Q - On a quand même l'impression que c'est un petit "bienvenue" de la part de la France ?
R - C'est exactement le contraire. Lorsque vous croyez en quelque chose, vous vous battez pour cela. Nous, nos convictions ce sont les Droits de l'Homme ; les libertés fondamentales et la démocratie. Plus un pays va vers les libertés, la démocratie et les Droits de l'Homme, plus ce pays mérite évidemment notre aide. S'il ne le fait pas, alors je pense qu'il ne faut pas qu'il entre dans l'Union européenne. Ce n'est pas un a priori, c'est au contraire lorsqu'on a en face de nous quelqu'un à qui on veut du bien, il faut lui dire ce qu'on attend de lui, c'est ce que nous avons dit à la Turquie.
Q - Ce sont donc en quelque sorte les fiançailles de la Turquie avec l'Union européenne, est-ce que vous êtes fier d'être le ministre français de cette union ?

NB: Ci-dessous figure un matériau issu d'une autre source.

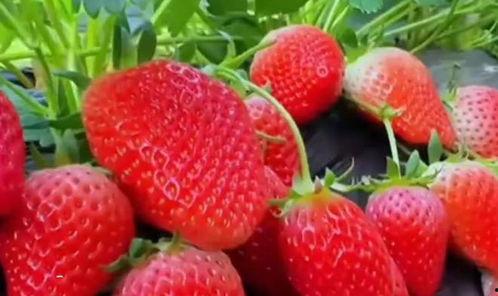 草莓国产在线视频,尽享田园风光与美味果实
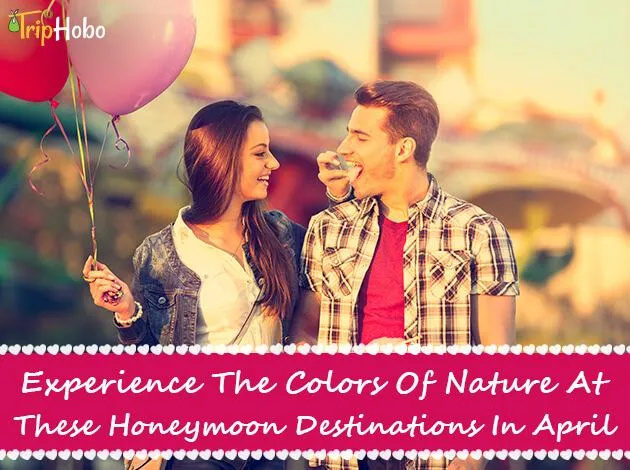 3153 tropical honeymoon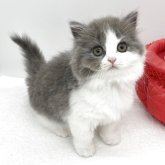 ブリティッシュロングヘア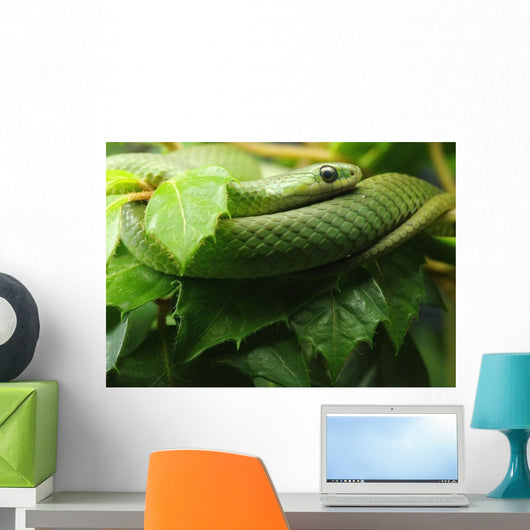 Smooth Greensnake Wall Mural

R - Chaque fois que les valeurs de démocratie, les valeurs de liberté, les valeurs qui portent les Droits de l'Homme avancent, la France ne peut être qu'heureuse. Nous demandons à la Turquie des conditions qui sont difficiles, je le sais ; la Turquie est encore loin d'adopter ces lois, ces valeurs européennes ; il y a deux solutions : soit elle les respecte et auquel cas c'est une bonne nouvelle pour tout le monde, soit elle ne les respecte pas et elle ne pourra pas adhérer.